Neo-liberal yayıncılıkta yazarın vitrini ve metni: Yeni şöhret biçimleri kalıcı mı?

 Işıltılı bir dünyada yazarın yükselişi ve düşüşü
Işıltılı bir dünyada yazarın yükselişi ve düşüşü

Yazarlığın ne olduğu, yazarın kim olduğu veya kime yazar dendiği hakkında kafam hâlâ oldukça karışık. Bu karışıklığın temel sebeplerinden biri muhtemelen günümüzde birden çok yazar tipinin olması. Bu karmaşık dünyada yazarlığı tanımlamak, geçmişe nazaran çok daha zor. Yine de sormaya değer: Yazar nedir?

Böylesi bir curcunada yazarı nasıl tanımlayacağız? Kanaat önderi mi? Pop ikonu mu? Yoksa son tüketim tarihi geldiğinde yazın dünyasının tozlu sayfalarına karışacak bir işçi mi? Belki hepsi. Belki hiçbiri…
Böylesi bir curcunada yazarı nasıl tanımlayacağız? Kanaat önderi mi? Pop ikonu mu? Yoksa son tüketim tarihi geldiğinde yazın dünyasının tozlu sayfalarına karışacak bir işçi mi? Belki hepsi. Belki hiçbiri…

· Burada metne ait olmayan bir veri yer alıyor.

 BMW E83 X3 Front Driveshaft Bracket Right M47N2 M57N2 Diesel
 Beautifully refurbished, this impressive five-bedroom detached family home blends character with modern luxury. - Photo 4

Lisede, edebiyat hocamızın öncülüğünde çıkan bir okul dergisi vardı. İlk kez o dergide bir yazım yayımlandığında 13-14 yaşlarında, liseye yeni başlamış bir çocuktum. Hiç beklemiyordum. Şaşırmış ve çok sevinmiştim. İsmimi dergi sayfasında görünce yaşadığım heyecan dün gibi aklımda. Ben de bir şey yapmışım, bir işe yaramışım, birisi olabilmişim gibi hissetmiştim. Yazar olma heyecanı mı sarmıştı beni acaba? Emin değilim. Rockstar olmayı, aktör olmayı, buna benzer şeylerle popüler olup şöhretin büyüleyici dünyasına adım atmayı çocuk gözlerle hayal edip duruyordum. Ancak yazarlıkla ilgili hiçbir zaman böyle bir hayalim olmamıştı. Çünkü ta o zamanlardan zihnimde canlanan asıl şey, yazarlığın popülerlikle ve şöhretle bir ilgisinin olamayacağı yönündeydi. Yazar, kuytusuna çekilmiş, kendi hâlinde derdini anlatan bir figürdü bana göre. Neden şöhrete ihtiyaç duysundu ki? Kimdi bu yazar?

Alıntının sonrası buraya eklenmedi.